While defeating Munster – who are without a trophy themselves since 2011 – is well within their grasp, it is quite likely Ulster will also have to overcome Leinster in order to bag the inaugural URC crown. Leo Cullen’s men were the standard bearers under the competition’s previous guise as the Pro14, winning no fewer than four league titles on the bounce.
This weekend sees them chasing a fifth European star against La Rochelle in the Champions Cup decider at the Stade Velodrome in Marseille, before resuming their URC campaign with a last-eight meeting at home to Glasgow Warriors in the RDS on Saturday week.
The strength of the Leinster squad is reflected in the fact that a second-string selection were able to secure a bonus-point victory over Munster at the Aviva Stadium five days ago, despite their opponents needing a win to avoid hitting the road in the knockout rounds. Of all the qualities that Ulster’s interprovincial rivals possess, it is the cohesion in their play – regardless of the personnel involved – that impresses Henderson the most.
“Whenever they have a team out, irrespective of who is playing, one thing that is always very impressive is that you could almost recognise they are Leinster without knowing who’s playing. The way Leinster play, their shape is very impressive. How well drilled it is throughout their whole team and throughout a whole game when they play it,” Henderson added.
“One of the other teams who have done it well before, it sticks out in my mind, the year Connacht won the Championship [in 2016]. They got into the flow of games. I felt it worked really well for Connacht and Leinster do that really well now too.”

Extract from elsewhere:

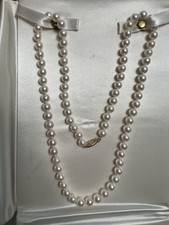 VTG Extra Long Signed 14k Gold Clasp 7.75mm Genuine Cultured Pearl Necklace 24”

Sitting alongside Henderson in a remote United Rugby Championship media call yesterday afternoon was his provincial and international colleague Rob Herring. A native of Cape Town who qualified to represent Ireland through his Belfast-born grandfather, the dependable hooker has watched with great interest how the South African teams have progressed in the URC.
Even though the Lions missed out on a knockout spot, the Stormers (Herring’s hometown team), the Bulls and the Sharks have all made it through to the last-eight. After initially struggling to find their feet, Herring feels this quartet have proven themselves to be worthy additions to northern hemisphere rugby.
“I think it has been great. Obviously it has refreshed the league and we feel like there’s a lot more interest around it now. Obviously at the start it was difficult because the South African teams were travelling a lot and finding their way with a lot of their Springbok players missing,” Herring said.
“The way they’ve come back in the second part of the season in their home stretches, it has been pretty incredible. You speak to any player who has gone over there and played matches this year, it is a tough place to go and play. Physical games, just relentless and they have three teams in the top-eight. It just proves how great they have been.”